Saturday, March 30, 2013

A Short Anecdote

           The gym is small and badly-lit.  All day, a gaggle of middle school basketball players has shuffled, jumped, and strutted over its court.  The sound of dribbling basketballs echoes off the walls, and the pools of dribble sweat are, sometimes, wiped off with an old white dirty towel.  Some of these players practice good personal hygiene; many do not, and the gym smells.
            Parents crowd onto the three rows of uncomfortable bleachers.  Some are red-faced and angry; others are sweaty and nervous; others are just plain hot.  The shrill twill of the referee’s whistle brings a groan.  The offending player looks confused.  We have reached the end of the tournament, and this is the Championship Game.
            Even so, the players are gangly and ungainly.  Their jump shots and bounce passes are larval—one day, they might grow into real jump shots and real bounce passes, but not yet.  One of the ungainly young men, however, is dominantly gangly.  He stands a head taller than the rest, and consequently blocks shots and scores with relative ease.  His team would be far in the lead if it weren’t for the other team’s star, a short, lithe, graceful young man for whom the ball is a natural extension of his hand.
            This player, the only real athlete on the floor, has two tan band-aids plastered to his sweating skin.  Now, with only minutes remaining in the game, he drives the lane and is fouled.
            It is a hard foul but does not appear particularly dirty.  The tallest player on the court, the other team’s star, swatted at the ball and raked his hand down the back of the shooter’s shoulder.  However, it opens up yet another cut. 
            The graceful athlete, in accordance with the rules, has to leave the game to get a third band-aid; they cut is so long that they actually need a fourth and a fifth.  When he reenters the game, he is so sweaty and bloodied that one of his band-aids falls off.  He re-exits the game and reenters moments later, only to have the same thing happen.  Over the last four minutes of the game, he has to leave four times.  His team does not score without him on the court, and the taller player’s team pulls away to win. 
            In the midst of the celebration, standing high above his team, the taller player looks ecstatically joyful.  Actually, that’s not quite accurate.  Given the context, you can tell that he’s ecstatically joyful.  Without context, if you simply looked at his face, he would just look angry.
            If you would have seen him before the tournament, he would have looked calm and focused, his face concentrating on a particularly important bit of minutia.  He was in the hotel bathroom, standing over the sink with a pair of clippers, trimming his fingernails so that each of them had three distinct, sharp, jagged points.
            Each of the five crucial band-aids was the result of those sharpened fingernails.  The cuts were made deliberately.
            These are not sour grapes.  My son was not the graceful athlete diabolically sliced up by some borderline psychopath. 
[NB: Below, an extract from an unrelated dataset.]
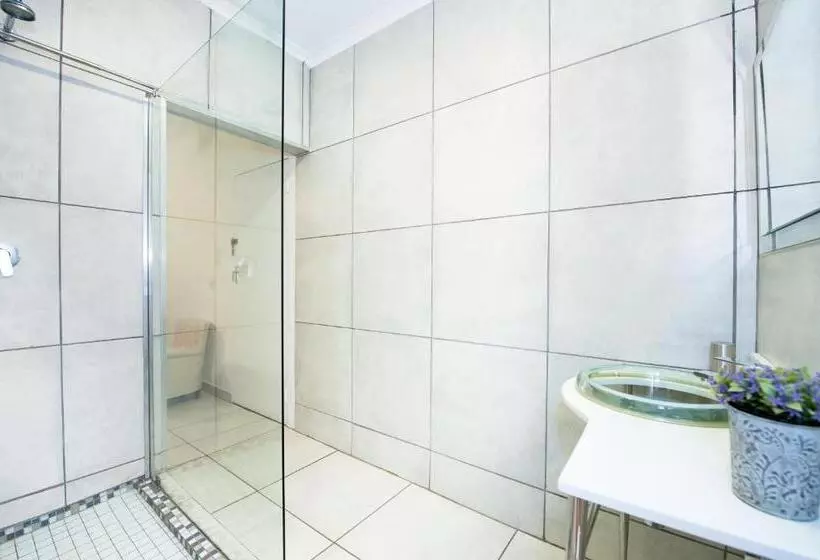 ベッドアンドブレックファースト Interlude Guest House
Quite the opposite: I was that taller player.  That borderline psychopath grew up to be me.

Friday, March 29, 2013

Competition


I understand competition because I am a competitor.  I played basketball and baseball at a fairly high level in high school and competed collegiately.  However, that’s not what makes me a competitor.
I am a competitor because if you give me a task in which I can beat someone, I will do everything in my power to beat him.  If there is a pick-up basketball game in someone’s driveway, I’m the one maniac diving for loose balls on the asphalt.  If I’m sitting in a class and the professor gives us a challenge, I’m the one who cheers if he wins, and spends the next half hour stewing—oblivious to the lecture—if he loses.  You may know other competitors, but you don’t know anybody more competitive than I am.
(A small subset of you finished that last paragraph and thought, “Oh yeah?  Says who?  I bet I’m more competitive than you.  Bring it on.”  If that was your response, please remember that I would have responded similarly—only moreso.)
The world is full of people who are, to greater or lesser degrees, competitors.  American capitalist society is built on our backs.  Competition drives us toward greater and greater excellence and excellence, generally speaking, makes the world better.
Of course, the assertion that competition always makes the world a better place is absurd on its face.  Gang rivalries leave hundreds of people dead every year.  Competitive investment banking just about ran the world economy off a cliff at the start of the Great Recession. 
More personally, sharpening fingernails is an ignoble method of achieving victory.  In fact, you could say that I won the smaller victory of taking home the championship trophy, but lost the larger contest of acting the most ethically and nobly.  As I grew up and reflected on things, I came gradually to realize that the greater victories are achieved by striving toward excellence in the greater and more important arenas.
Reflect on your own priorities, especially as they connect to life’s most important questions.  Do you work harder toward excellence in less important areas than you do in the most important areas?  Are you acting in accordance with what you really believe? 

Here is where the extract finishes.